A veces me pregunto si fue verdad algo de lo que dijiste,
otras en cambio me encuentro sintiéndome mal por desconfiar,
pero es que has tropezado tantas veces con la misma piedra
has luchado por sacar las espinas que has adquirido en la caída
y vuelves a prometer que no volverás a caer,
pero caes nuevamente, una y otra vez.
A veces me pregunto si pensarás algo en mí,
se supone que si todo era cierto, debería ser así.

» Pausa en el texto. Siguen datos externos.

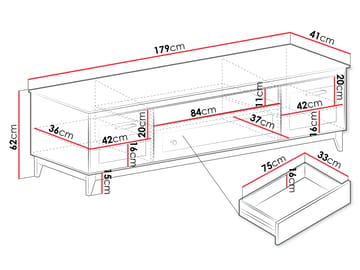 Zeylor Gulvstående Tv-bord 179 cm med Opbevaring i Malet Træ - Beige - Møbler - TV borde & mediemøbler - TV-borde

Quizás soy yo muy inocente y de tonta te creí,
pero al menos lo mío era cierto, y yo, si lo sentí.
Se supone que llegaríamos lejos, de Chile hasta Madrid,
que recorreríamos el mundo, de la mano hasta París,
nos cuidaríamos y protegeríamos, pero sobre todo, nos amaríamos,
pero eran solo proyectos, supongo que no todos se pueden cumplir.
Has caído tantas veces, y yo de nuevo te creí,
mi problema quizá es ese y soy yo quien ha vuelto a tropezar,
con la misma piedra pero con otra cara en la realidad,
tal vez el problema no eres tú, soy yo, pero todo queda igual.
No sé si eres sincero, un cobarde o un embustero,
ya no sé que pensar, qué creer ni qué desear.
Solo sé que quiero seguir soñando, viviendo, queriendo,
hasta que realmente alguien valore como yo, lo que es amar.
Alguien que me escoja, como yo, cada día al despertar,
con quien sienta que ha valido la pena, tanta lágrima y tanto esperar,
tanto jugar, caer, despertar,
alguien me acompañe en esta vida, esta guerra, este mar.